◆ TO DO ◆
Exactly the lines from the one containing "61 Zander Road - Photo Thumbnail 10" through the end of the listing must make up the answer, with no pictures included.

── SUPPLIED MATERIAL ──

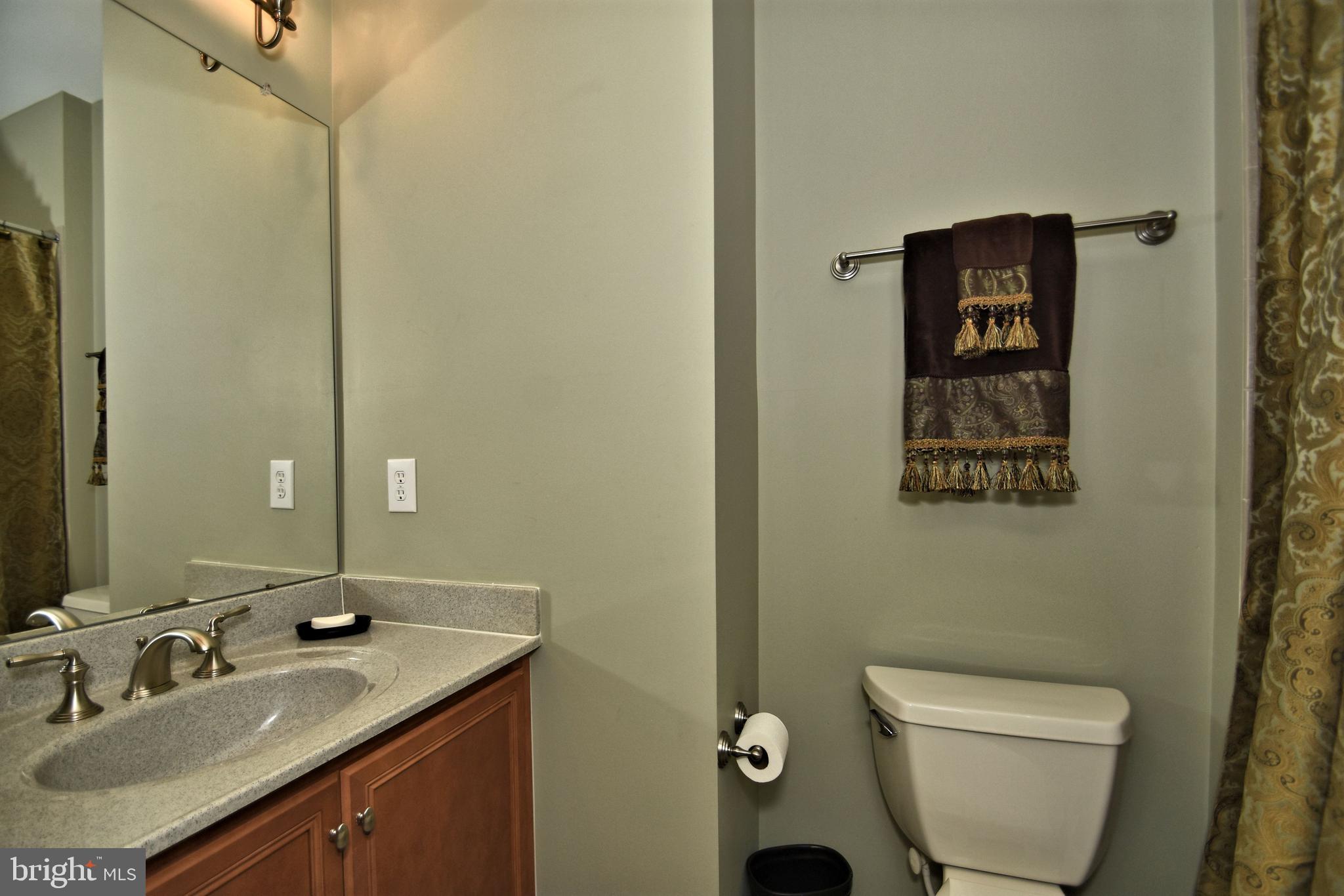 DUTCHESS FARM ESTS - Residential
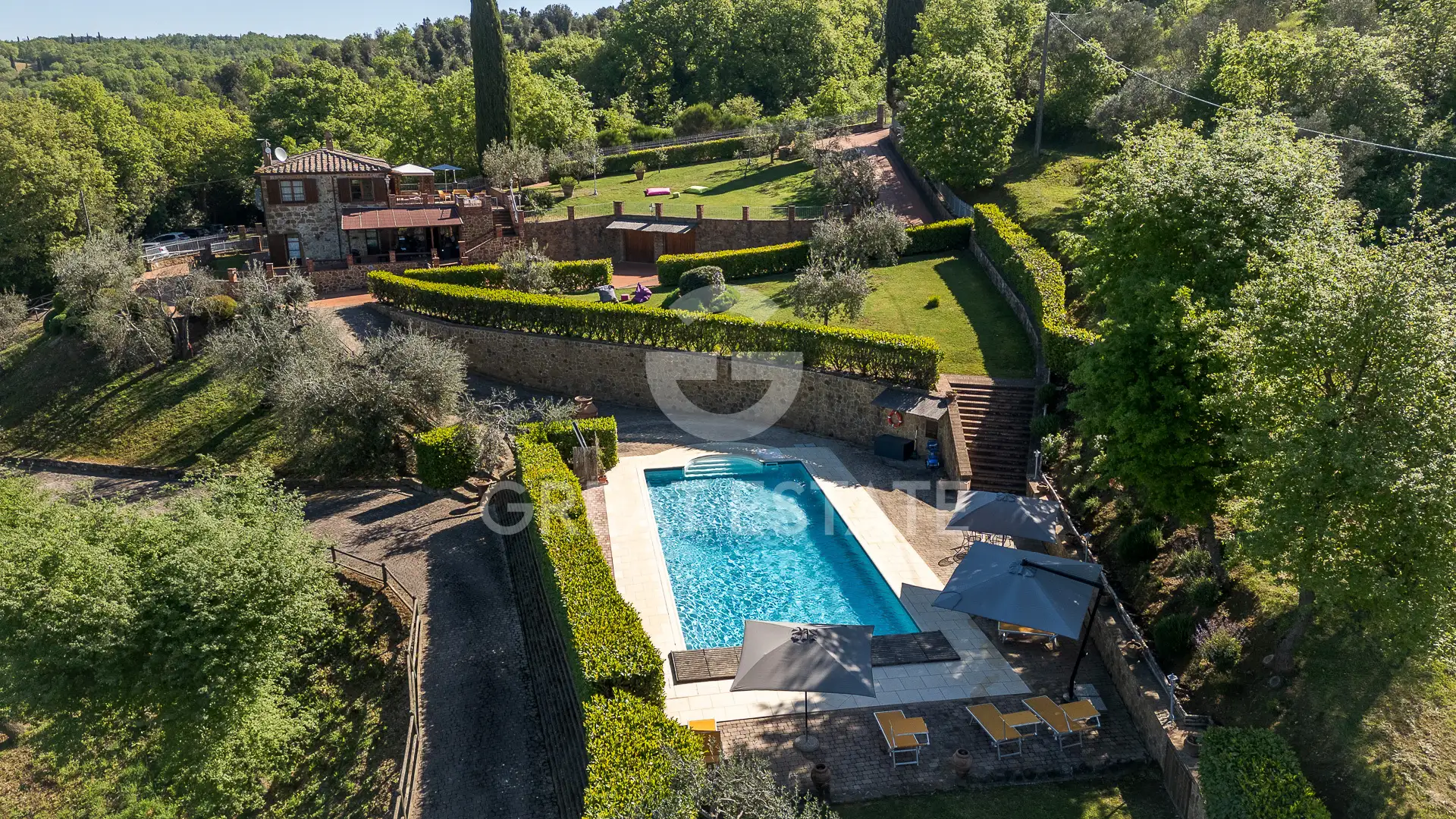 House 243m² in Italy, Siena. Priced at 1450000€ rent photo-13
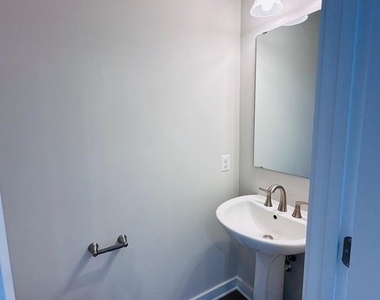 61 Zander Road - Photo Thumbnail 10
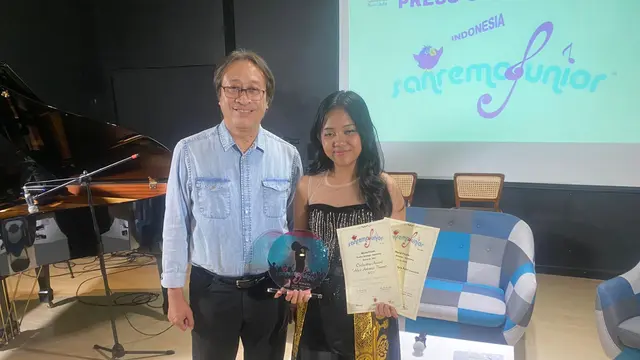 Purwa Caraka bersama Carissa Angel.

───

◆ RESPONSE AREA ◆
 61 Zander Road - Photo Thumbnail 10
 Purwa Caraka bersama Carissa Angel.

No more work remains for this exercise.